Saturday, July 11, 2009

Oil Caps the Biggest Weekly Fall Since January on Demand Drop

July 10 (Bloomberg) -- Crude oil fell, capping its biggest weekly decline since January, on concern the global recession will curb energy consumption and as a stronger dollar reduced demand for commodities.

Oil has plunged 10 percent this week on speculation fuel use in the U.S., the biggest energy-using nation, will drop. The greenback has risen 0.7 percent against most major currencies since the beginning of the month.

“Prices surged higher on green shoots of an economic revival, but a deeper look shows that the situation is still poor,” said Michael Fitzpatrick, a vice president for energy at MF Global Ltd. in New York. “It’s hard to make a case for a revival of demand anytime soon.”

Crude oil for August delivery fell 52 cents, or 0.9 percent, to $59.89 a barrel at 2:55 p.m. on the New York Mercantile Exchange, the lowest settlement since May 19. Oil has dropped 59 percent from a record $147.27 a barrel reached on July 11, 2008.

Gasoline for August delivery slipped 1.33 cents, or 0.8 percent, to end the session at $1.6505 a gallon in New York. The contract declined to $1.6241 yesterday, the lowest intraday price since May 7.

“I think we are heading for $55,” said Daniel Flynn, a broker at PFGBest, a Chicago-based brokerage. “There’s evidence that the economy will be slow to recover. There’s nothing out there now to propel the market higher.”

Confidence among U.S. consumers fell more than forecast this month. The Reuters/University of Michigan preliminary index of consumer sentiment decreased to 64.6, the lowest since March, from 70.8 in June. The index averaged 89.2 during the expansion that began in late 2001 and ended in December 2007.

Global Consumption

Worldwide consumption of crude oil will increase by 1.4 million barrels, or 1.7 percent, to 85.2 million barrels a day next year, the International Energy Agency said today in its first monthly report to include a forecast for 2010.

The International Monetary Fund, in an outlook released this week, estimated that the world economy will expand by 2.5 percent in 2010. The IEA said its 2010 view may remain “broadly unchanged” once it includes the latest IMF forecast. The IEA used the fund’s April projection of 1.9 percent growth when preparing today’s report.

“The IEA has made a pretty brave forecast,” said Adam Sieminski, the chief energy economist at Deutsche Bank AG in Washington. “There are doubts about how realistic these demand projections are given the rate of economic growth. Global growth has averaged 3.5 percent in the recent decades, so 2.5 percent growth is nothing to write home about.”

Rising Stockpiles

Crude oil and fuel stockpiles in the members of the Organization for Economic Cooperation and Development rose to 2.77 billion barrels in May, about 7 percent more than last year’s level, according to the IEA. The Paris-based OECD is composed of 30 industrialized countries.

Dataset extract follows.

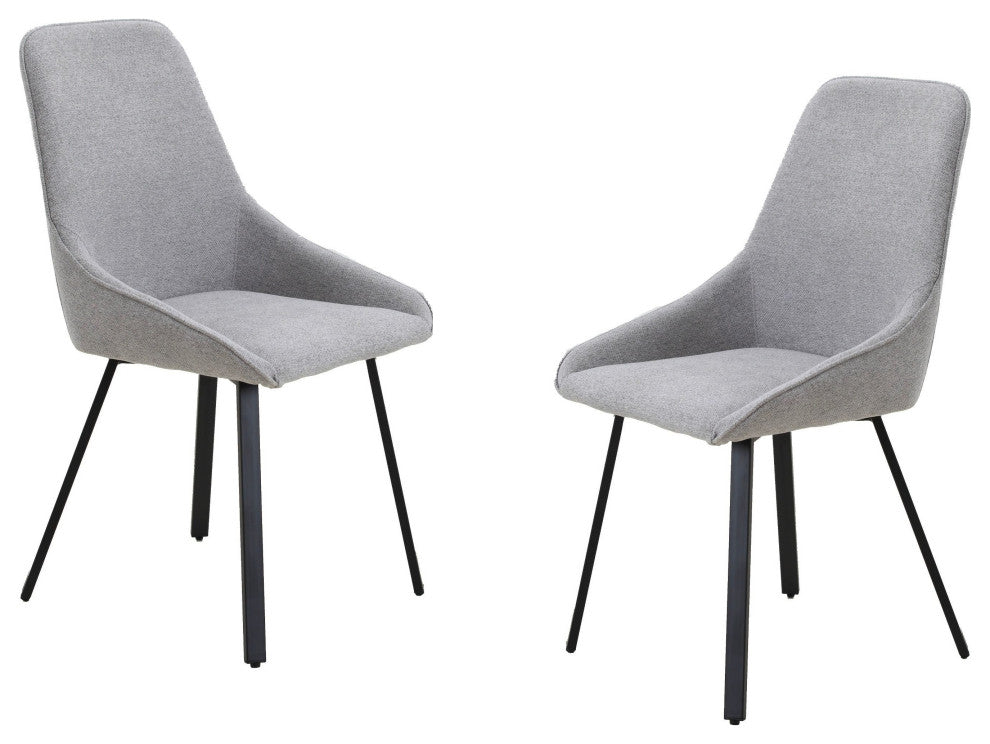 Modrest - Gillette Modern Gray Fabric Dining Chair Set of 2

The Commodity Futures Trading Commission announced on July 7 that it may clamp down on oil and natural-gas price speculators by limiting the holdings of energy futures traders, including index and exchange-traded funds.

“Oil is getting it from all fronts,” said James Cordier, portfolio manager at OptionSellers.com in Tampa, Florida. “The economy is not rebounding anytime soon, the CFTC is nosing around in energy trading and possibly limiting contract sizes and the dollar is no longer the whipping boy.”

Dollar Climbs

The dollar advanced 0.5 percent to $1.3946 per euro from 1.402 yesterday. The U.S. currency also gained against the pound, Swiss franc and Swedish kronor.

Brent crude for August settlement declined 58 cents, or 0.9 percent, to end the session at $60.52 a barrel on London’s ICE Futures Europe exchange.

The Organization of Petroleum Exporting Countries increased production for a second month in June, straying further from its official quotas, the IEA report showed.

The 11 OPEC members bound by targets raised output to 26.2 million barrels a day. That lowers the group’s compliance rate with record supply cuts announced last year to 68 percent, compared with an estimate of 74 percent in last month’s report. The 11 members have a ceiling of 24.845 million barrels a day.

OPEC ministers are scheduled to discuss production targets at a Sept. 9 meeting in Vienna.

Oil may fall next week on speculation the global recession and payroll cuts will constrain demand, a Bloomberg News survey of analysts showed. Nineteen of 41 analysts surveyed, or 46 percent, said futures will decline. Nine expect the market will be little changed and 13 forecast that oil prices will rise.

Crude oil volume in electronic trading on the Nymex was 432,333 contracts as of 3:03 p.m. in New York. Volume totaled 568,577 contracts yesterday, 14 percent higher than the average over the past three months. Open interest was 1.16 million contracts yesterday. The exchange has a one-business-day delay in reporting open interest and full volume data.